---------- Information supplied

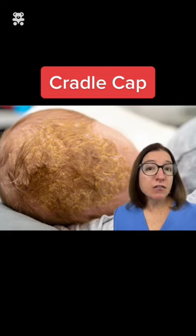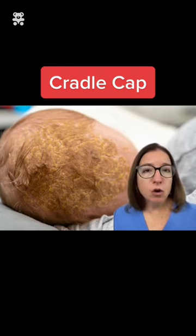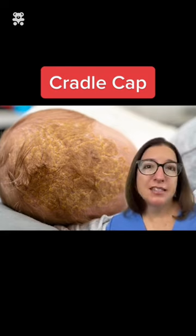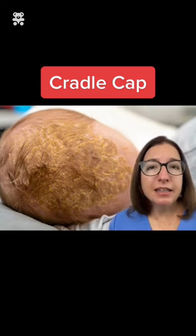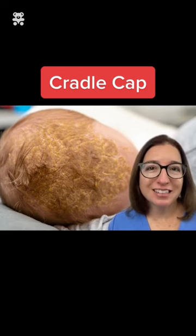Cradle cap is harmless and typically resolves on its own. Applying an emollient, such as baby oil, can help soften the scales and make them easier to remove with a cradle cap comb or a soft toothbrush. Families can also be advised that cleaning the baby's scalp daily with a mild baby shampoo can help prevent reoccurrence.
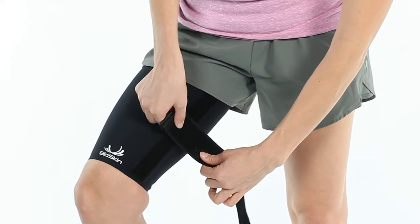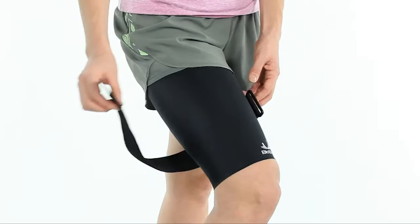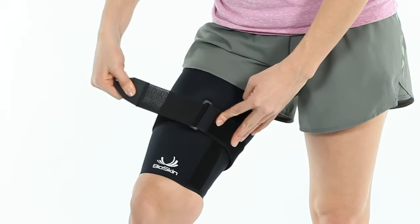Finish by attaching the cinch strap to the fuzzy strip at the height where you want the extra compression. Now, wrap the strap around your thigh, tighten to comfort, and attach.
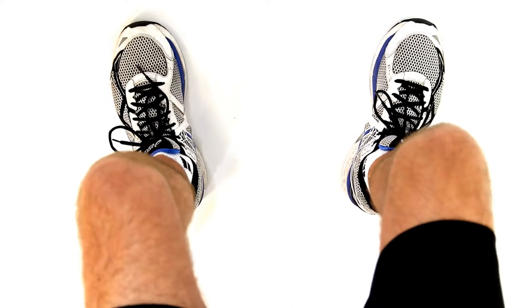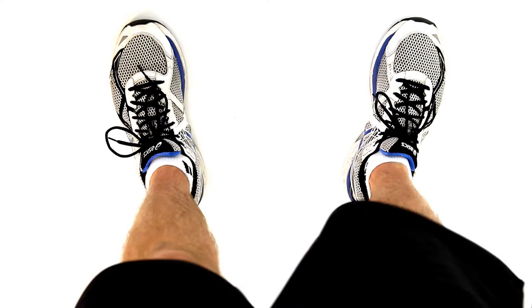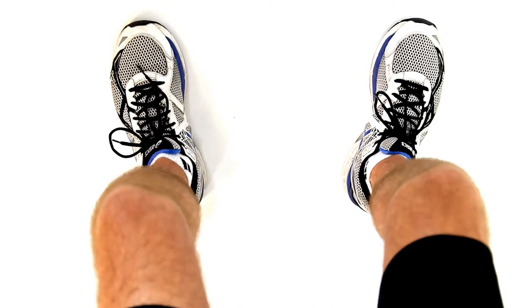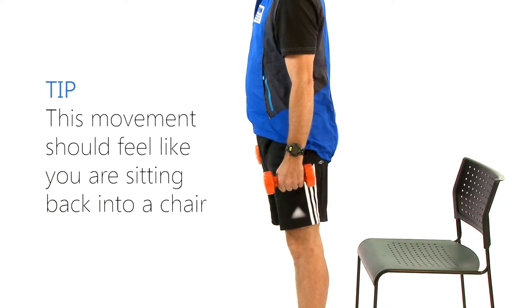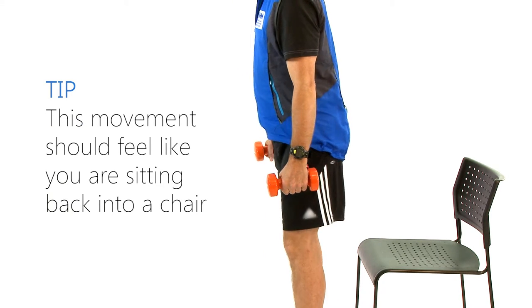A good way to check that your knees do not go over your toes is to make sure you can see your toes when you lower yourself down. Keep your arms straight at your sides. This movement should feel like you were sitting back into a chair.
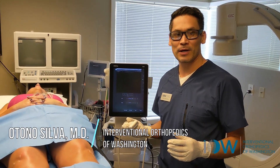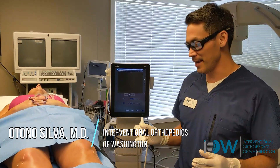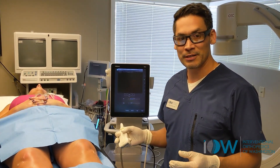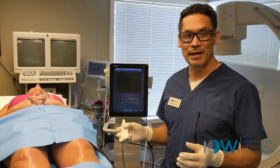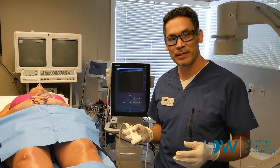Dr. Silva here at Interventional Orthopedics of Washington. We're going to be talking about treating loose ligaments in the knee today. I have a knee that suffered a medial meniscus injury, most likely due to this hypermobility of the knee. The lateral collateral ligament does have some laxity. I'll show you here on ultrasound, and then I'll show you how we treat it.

--------------------

• _What you have to do_: Transcribe the listing exactly, skipping pictures.

• _Solution to this problem_:
Cradle cap is harmless and typically resolves on its own. Applying an emollient, such as baby oil, can help soften the scales and make them easier to remove with a cradle cap comb or a soft toothbrush. Families can also be advised that cleaning the baby's scalp daily with a mild baby shampoo can help prevent reoccurrence.
Finish by attaching the cinch strap to the fuzzy strip at the height where you want the extra compression. Now, wrap the strap around your thigh, tighten to comfort, and attach.
A good way to check that your knees do not go over your toes is to make sure you can see your toes when you lower yourself down. Keep your arms straight at your sides. This movement should feel like you were sitting back into a chair.
Dr. Silva here at Interventional Orthopedics of Washington. We're going to be talking about treating loose ligaments in the knee today. I have a knee that suffered a medial meniscus injury, most likely due to this hypermobility of the knee. The lateral collateral ligament does have some laxity. I'll show you here on ultrasound, and then I'll show you how we treat it.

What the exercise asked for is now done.